Applications of this general methodology to control problems as well as general structural design problems are presented. Two specific examples are discussed. The first example considers the design of passive and active tuned mass dampers for improvement of the reliability of an offshore platform in a random sea environment. The second example discusses the retrofitting of a four-story structure with viscous dampers. The lifetime cost is adopted as design objective and a comprehensive methodology is presented for estimating the cost associated with future earthquake damages.
Optimal Control of Distributed Energy Harvesting Networks
Jeffrey Scruggs, Duke University
Monday, September 24, 2007
In many areas of vibration engineering, there is a growing interest in the use of transduction to couple the mechanical dynamics of a vibrating system with controllable electronic networks. One interesting application of this concept is called energy harvesting, which pertains to systems which are required to operate in energy-autonomy over the duration of a decades-long service life. In structural health monitoring applications employing embedded wireless sensing, for example, it is highly desirable for these sensors to somehow scavenge their power from their immediate surroundings, rather than requiring external power or long-term battery storage. One promising technology for such energy-harvesting systems entails the use of resonant piezoelectric devices, which harvest energy from ambient vibration. The fabrication of such devices constitutes a well-understood technology. However, for systems driven by broadband stochastic excitation, the determination of the optimal control of the electronic network was only recently shown to be a tractable problem in general.

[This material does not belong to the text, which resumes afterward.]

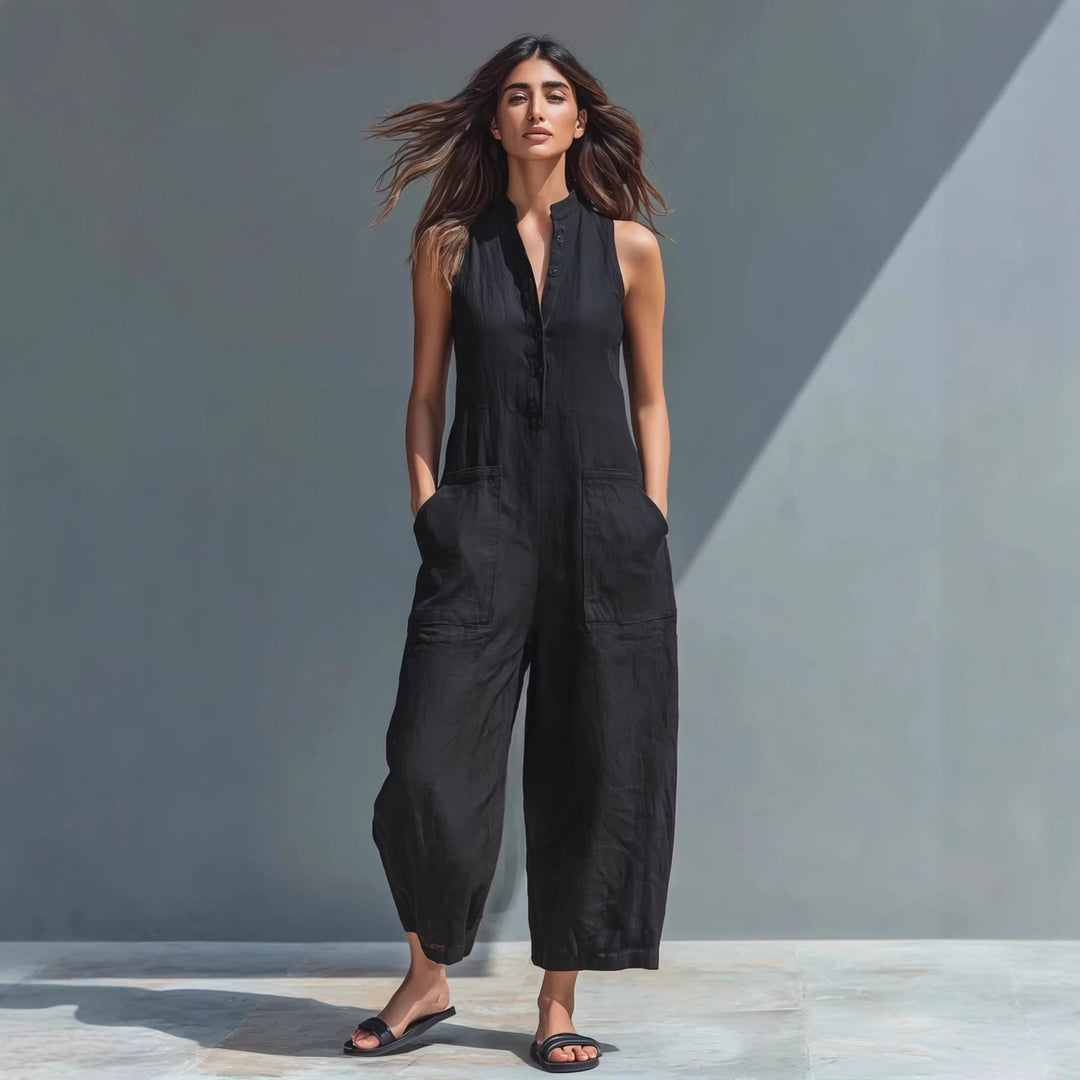 Summer Sleeveless Jumpsuit With Pockets Fashion Casual V-Neck Buttons Trousers Women&amp;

This presentation illustrates that such energy harvesting control problems can be reduced to standard H2 optimal control problems, which may be solved to determine the optimal routing of power in the electronic network. This result is applied to a flexible cantilever beam, with a bimorph piezoelectric transducer bonded along its length, and subject to broadband stochastic vibration. It is shown that by subdividing the transducer into sections along the beam length, and controlling each of these sections through separate electronics, the overall efficiency of power absorption can be increased. For the case of transducer voltage feedback, the impact of measurement noise on the optimal conversion efficiency, and optimal beam configuration, is investigated. Additionally, the theory is extended to accommodate the impact of nonlinear dissipation in the electronic drive circuitry, due to semiconductor conduction losses, and it is shown that these losses result in a critical level of excitation below which energy conversion is infeasible. Finally, multi-objective optimization techniques are used to maximize generated power, subject to constraints on the dynamic responses of transducer voltages and beam stresses.